Злость, страх, ненависть… Ммм.
Я так оголодала за последние дни,
что в отчаянии лезла на стенки своего шатра.
Старательно пряча жадное нетерпение,
я последовала за своим воином наружу, под моросящий дождь.
С каждой секундой сосущая пустота
внутри становилась все шире, все глубже, доставляла все больше
мучений. Я шла, прижимая руку к животу. Мокрая трава шелестела под
моими ногами, размытая земля чавкала, засасывая каблуки сапог.
— Где они?
— Под навесом.
Полог самой большой палатки был
поднят и хлопал на ветру. Под этой временной крышей стояли на
коленях трое пленников. Их руки завели назад и, судя по позам
мужчин, связали за спиной.
Длинные волосы потемнели от влаги и
облепили лица. Острые уши вызывающе торчали. И правда эльфы.
Взгляд мазнул по их одеждам. На
пленных были светлые рубахи, зеленые килты в клетку и грубые сапоги
до колен — военная форма горцев. Те не носили штанов — оборачивали
вокруг бедер длинные куски шерстяной ткани и закрепляли их на поясе
ремешками из черной или коричневой кожи.
Раньше мои люди смеялись над
нарядами местных мужчин, называли эльфийских воинов бабами, но,
пожив в этом дождливом крае, походив по его холмам и полям,
заросшим высокой влажной травой, начали посматривать на килты
врагов с завистью. Наши штаны все время были грязными и мокрыми
насквозь. Спасибо местной природе и погоде! А килты не пропускали
влагу, ибо их делали из очень плотной шерсти. Мокрая трава не
доставала до их подолов. А еще они были очень теплыми. Ночью во
время долгих походов воины снимали свои килты, чтобы использовать
их как одеяла.
— Вот, госпожа. Свирепые и
непокорные, как вы любите.
При виде меня один из связанных
мужчин зарычал, обнажая идеальные зубы.
Я почувствовала исходящие от него
волны ненависти и тихонько вздохнула от облегчения. Хорошо!

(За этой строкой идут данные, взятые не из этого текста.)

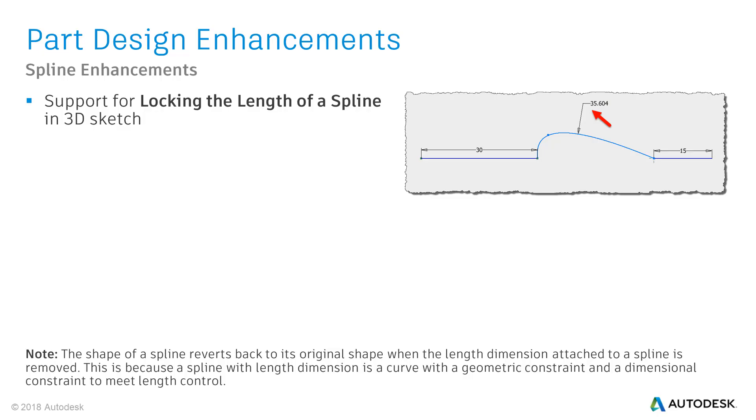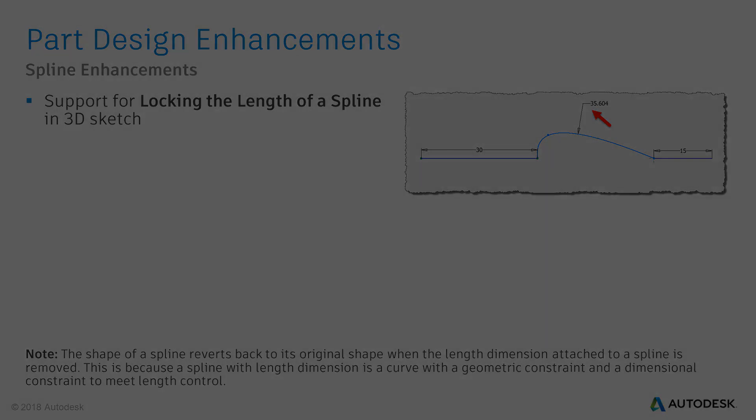In the 3D sketch environment, the General Dimension command was enhanced to preserve the length of an interpolation spline. If you find this enhancement useful for you, please take a look at the note to understand the behavior once the length is removed again. Let's directly jump into a quick demo.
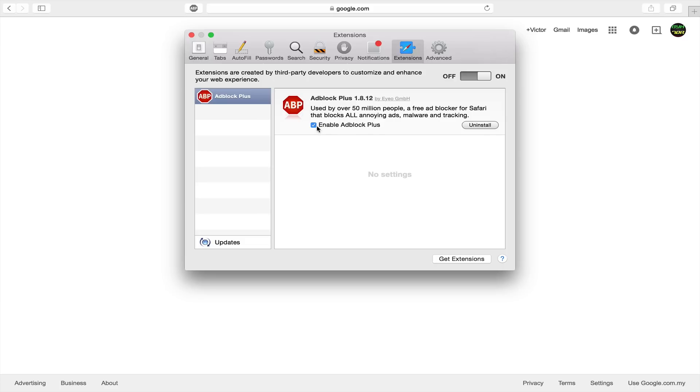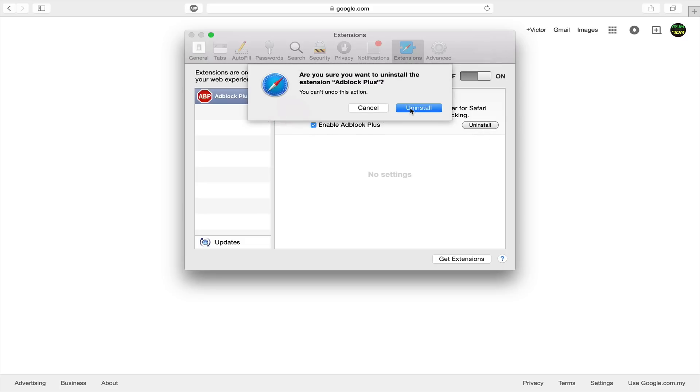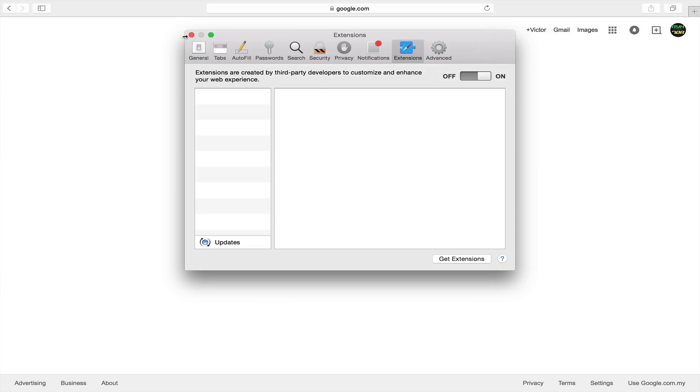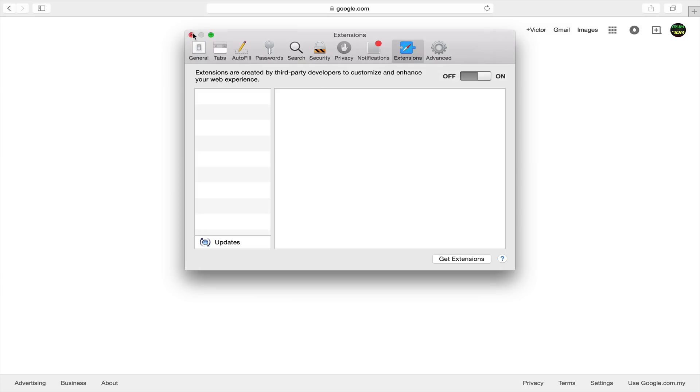Once you're there, you want to say enable Adblock Plus or just click here to uninstall. Once you've done that, you want to click uninstall again and Adblock Plus will disappear and that's how you remove Adblock Plus for Safari.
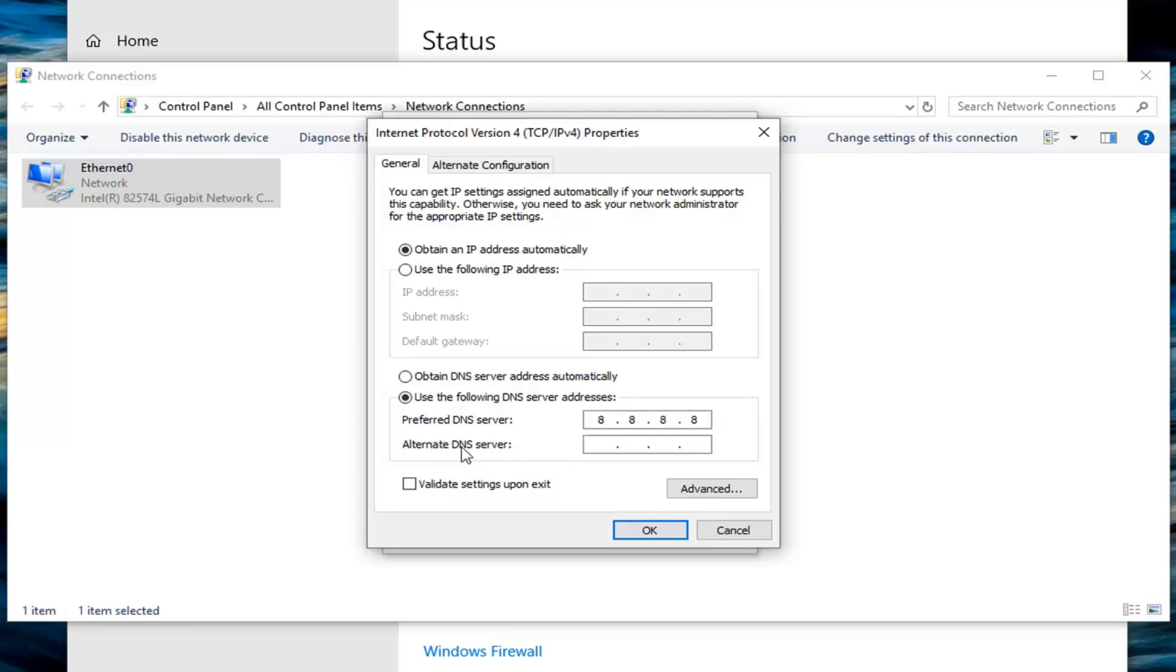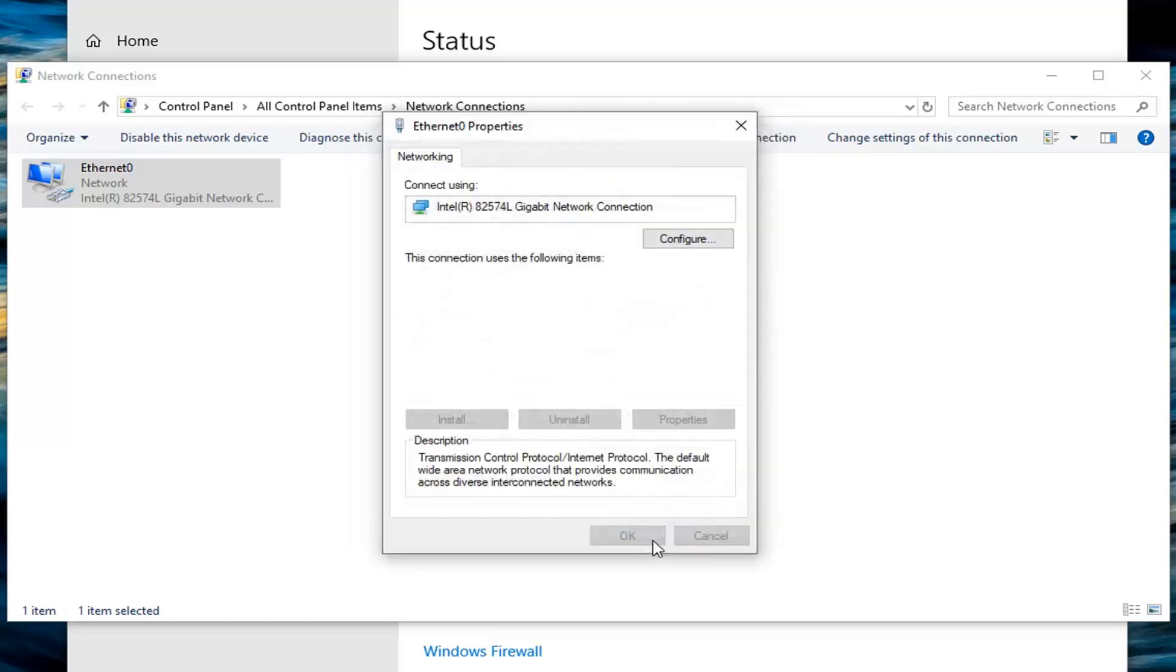Same protocol for the alternate DNS server except it's 8.8.4.4. Very important to type it in. If you ever made a mistake you're always welcome to just go back to obtaining a DNS server address automatically. And then once you're done with that left click on OK.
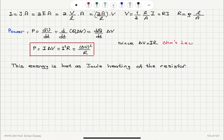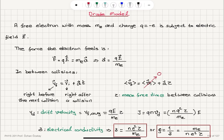So where does this power go? This energy is lost as Joule heating of the resistor. Remember that we have collisions with the atoms, and basically atomic vibrations will increase and we will have heating of the resistor. So we talked about a simple model — the Drude model — which is a crude model that explains the microscopic origin of electrical conductivity.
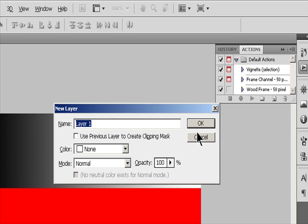Name specifies a name for the layer or group. Use Previous Layer to create Clipping Mask. This option is not available for groups. Color assigns a color to the layer or group in the Layers panel.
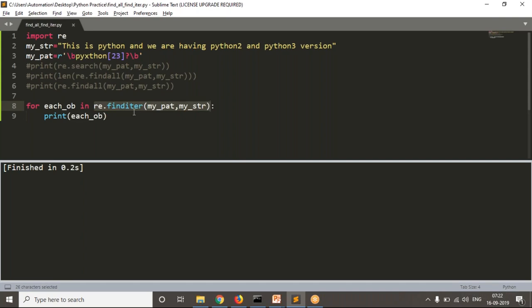In match and search operations you use an if condition — if the object is present, then get the match, starting index, and ending index. But with finditer, you directly use a for loop for multiple matchings. If there is a match, the loop will repeat; if there is at least one match, the loop repeats at least once. If there are no matches, the loop won't execute even once.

Голодная резь в животе притупилась.
Говорят, эльфы — красавцы глаз не
отвести, но сегодня мне было плевать на их внешность. Себе в жертву
я выбрала самого злого из них, того, что пытался испепелить меня
взглядом.
— Милая юбочка, — глумливо протянула
я, стремясь разъярить пленника еще больше.
Давай, дорогуша, накорми меня своими
эмоциями.
— Это килт! — оскорбленно выплюнул
эльф. — Одежда настоящих воинов!
— А правда, что под своими килтами
эльфийские воины не носят белья?
Я подцепила сапогом подол его
клетчатой юбки и попыталась приподнять.
Эльф зарычал, задергавшись в своих
путах, но притих, когда один из моих людей приставил к его горлу
острый нож. Голубые глаза сверкнули бешенством.
Похоже, сегодня я до отвала наемся
сладкой ненависти.
Любовь напитала бы меня лучше, но о
ней я не смела даже мечтать. Редкий деликатес. Его мне не получить
никогда. Мужчины не умеют любить, а если и любят, то за красивое
личико, а свою красоту я оставила на полях сражений.